La pensée de l'art brut
Julien vit dans le Vaucluse. D'origine arlésienne, les vestiges de l'Empire Romain ont eu une aura particulière dans la construction mentale de l'artiste. Les voyages et les rencontres génèrent en lui l'envie de se réaliser. En 2001, l'explosion des deux tours et le décès d'un proche déclenchent dans son esprit la nécessité de parler autrement. Alors, ses mains répandent le langage qui le caractérise.

Il s’imprègne de tout ce qu'il vit
De ses itinéraires, il extrait l’ingénieux recyclage dont font preuve les Sénégalais. Au Maroc, le martelage du cuivre ou du laiton évoque en lui son passé de musicien.
Les événements tragiques, engendrés par les civilisations, bouleversent Julien. Il extirpe l'amoncellement d'informations qui le submerge, ses figurations restituent aux regards des autres l'émotion brute d'une réalité tortueuse.
Barils et bidons
Julien incorpore une multitude de symboles dans ses productions ; la récupération de bidons ayant acheminé le sang des entrailles de la Terre jusqu'à notre société de consommation n'est pas un hasard.
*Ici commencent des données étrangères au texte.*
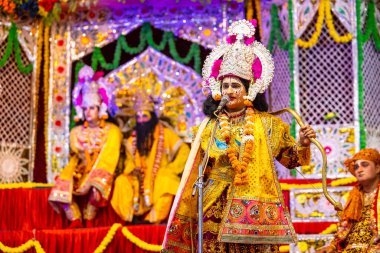Gaziabad, Uttar Pradesh, Hindistan - 27 Eylül 2022: Ramlila 'da ramayana karakterini canlandıran sanatçı.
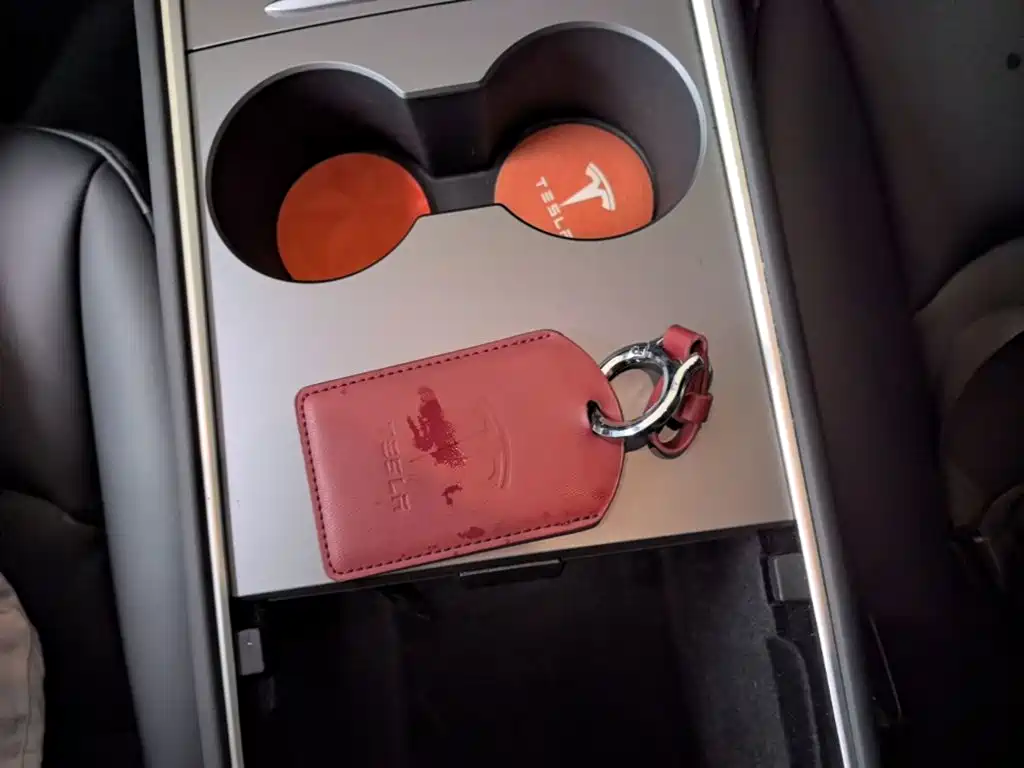 Tesla Model Y — миниатюра 9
Le physique de l'artiste est mis à rude épreuve. Un combat avec la tôle prend place. Des coups de marteau sont assénés. Un corps à corps qui tord et fait plier la matière.
Première installation : les 12 Chinois
En 2008, Julien sculpte un Chinois par mois ; petit homme trapu au corps jaune et à la tête rouge. Une installation composée de douze statuettes qui accentuent la perception de profusion. Peut-être veut-il attirer notre attention sur la répression de la Chine au Tibet et l'autocratie d'un pouvoir imposant la pensée unique. Pourtant, chaque pièce est singulière, l'allégorie de l'émergence d'un peuple. Chacun peut entrevoir sa propre imagination dans ces œuvres. Le succès oblige Julien à réaliser des séries en Bronze. (Une série comprend douze reproductions numérotées de 1 à 12 pour une seule pièce).
Le Bronze
Cet alliage fascine Julien depuis son enfance. L'intervention du cuivre et de l'étain permet d'exposer en plusieurs lieux et de conserver l'original. Pour un sculpteur, c'est souvent l'ultime étape vers l’immortalité.
Les années faisant, le travail de Julien évolue. Il s’efforce d'aller à l’essentiel, épurer, estomper les éléments de représentation, tout en gardant l'indispensable.
Dans les sculptures « Latitudes » ou « Vague à l'âme », on distingue une embarcation rudimentaire qui évoque les drames de l'immigration et les tragédies de Lampedusa.
Une disqueuse dans la tête et un chalumeau à la main, Julien délivre l'occident des archétypes, la liberté semble être le seul compromis qu'il accepte.